I'd like for use to step back for a moment and let the charts speak for themselves as to what the second quarter of '03 may bring. We'll examine the two most critical areas of the economy under the microscope of the charts along with the key moving averages and then we can decide what the near future is likely to bring. I believe the conclusions, in most market segments reviewed here, are fairly obvious and any straight-minded person should be able to figure out from the following evidence what is likely to happen using these key indicators.

Real Estate

Let's start with the housing sector, the first of the two critical leading indicators for the economy. Just how big is the real estate "bubble"? Pretty big by most accounts. But there is some question as to whether the real estate market, which is still humming, has seen its peak in terms of *price* relative to volume of sales. You've probably read something of this in a series of articles posted recently on some well-known financial web sites. Regardless of whether or not sales prices have peaked is inconsequential; what matters is that volumes are still quite brisk and are actually increasing in some quarters of the housing market.
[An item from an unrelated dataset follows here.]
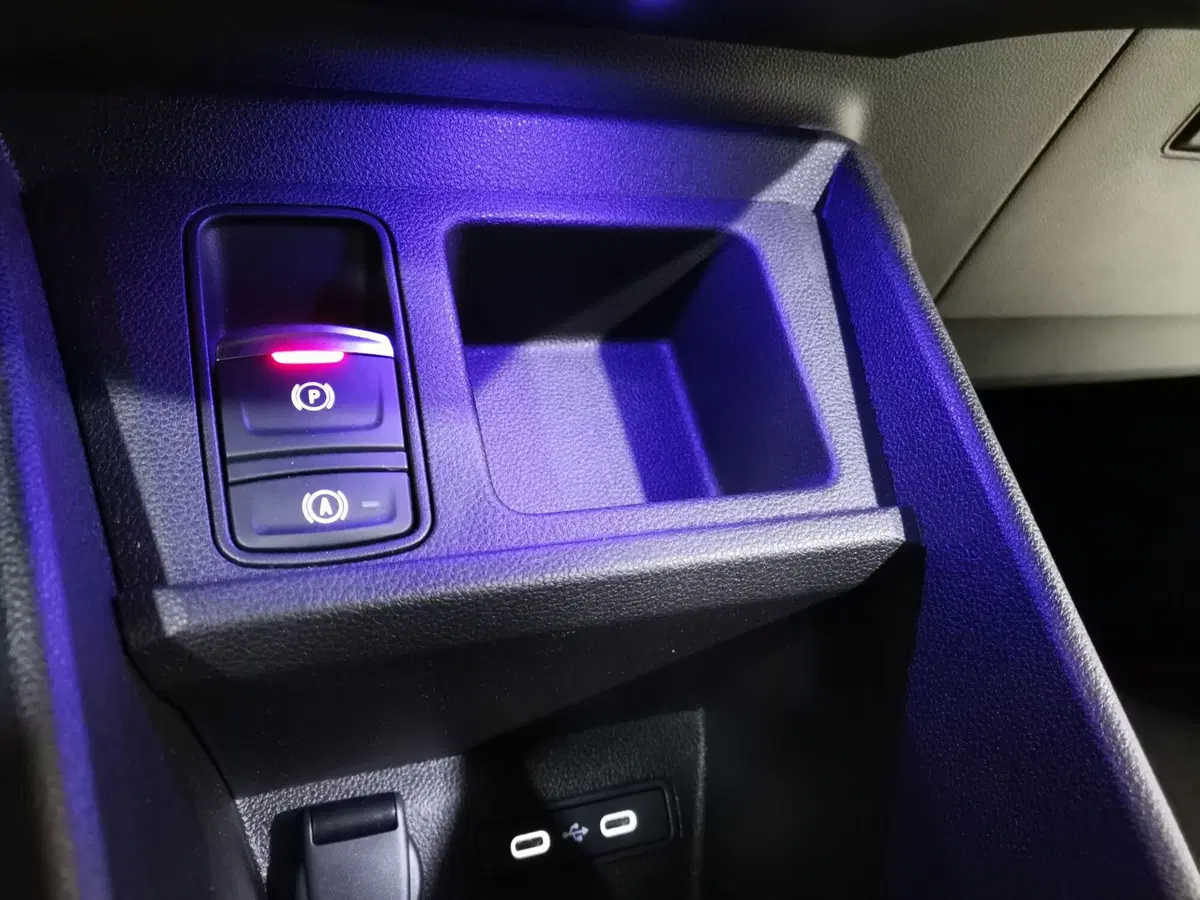 Renault Scenic E-Tech Electric usata a Salerno (18)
The real estate bubble (if you will permit me to use that term) is really a product of clever advertisement on the part of the real estate industry. Mortgages are being pushed the way Internet stocks were touted a few years ago. Advertisements for low-interest loans for big ticket items, including housing, are just as common as credit card promotionals used to be. It has always amazed me that the great salesmen of this nation have always been able to capitalize on interest rates in a big way. For instance, when interest rates are high the banks are able to bring in lots of money from the public by advertising savings accounts and CDs. When abnormally low (as they are now) then real estate and auto loans are touted. Either way, the banks win and someone stands to make a lot of money. Such is the case with the present low-interest situation in regard to the real estate market.

Many analysts have recently gone on record as stating that real estate as "topped." I myself fell victim to this line of thinking about a year earlier during the recession of last year. But the market has forced me to change my line of thinking in this matter. As to when the real estate bubble will ultimately peak is anyone's guess, but I estimate it could last another 1-2 years before prices begin the declining phase in earnest. Before expanding on this, let's take a look at the leading benchmark for real estate equities, the Morgan Stanley REIT index (RMS). This is a leading indicator for the overall real estate sector.

Here's a fact worth pointing out about RMS: for the 8 or so years this index has been in existence the 100-day/200-day moving averages have been in a bullish configuration (i.e., 100-day MA above 200-day MA, both averages rising) for close to 5 of those 8 years. The averages got out of their bullish alignment in mid-2002 and have been unaligned ever since, but as you can see from the above chart the 100-day MA is threatening to penetrate back above the 200-day MA, which would send a bullish signal. This would put RMS in line to challenge its previous peak of approximately 470 (RMS currently near 450). And what would such a bullish signal spell out for the broad U.S. real estate market? Obviously that the bull market in housing isn't over just yet. This alone could keep the economy propped up for a while longer.

So why do I believe the real estate bubble won't pop this year? Because the final, blow-off portion of the bubble hasn't even begun yet. This occurs when the last of the long-term holdouts from the general public, people who have been renting all this time, begin earnestly buying property and taking out huge loans to buy or build housing.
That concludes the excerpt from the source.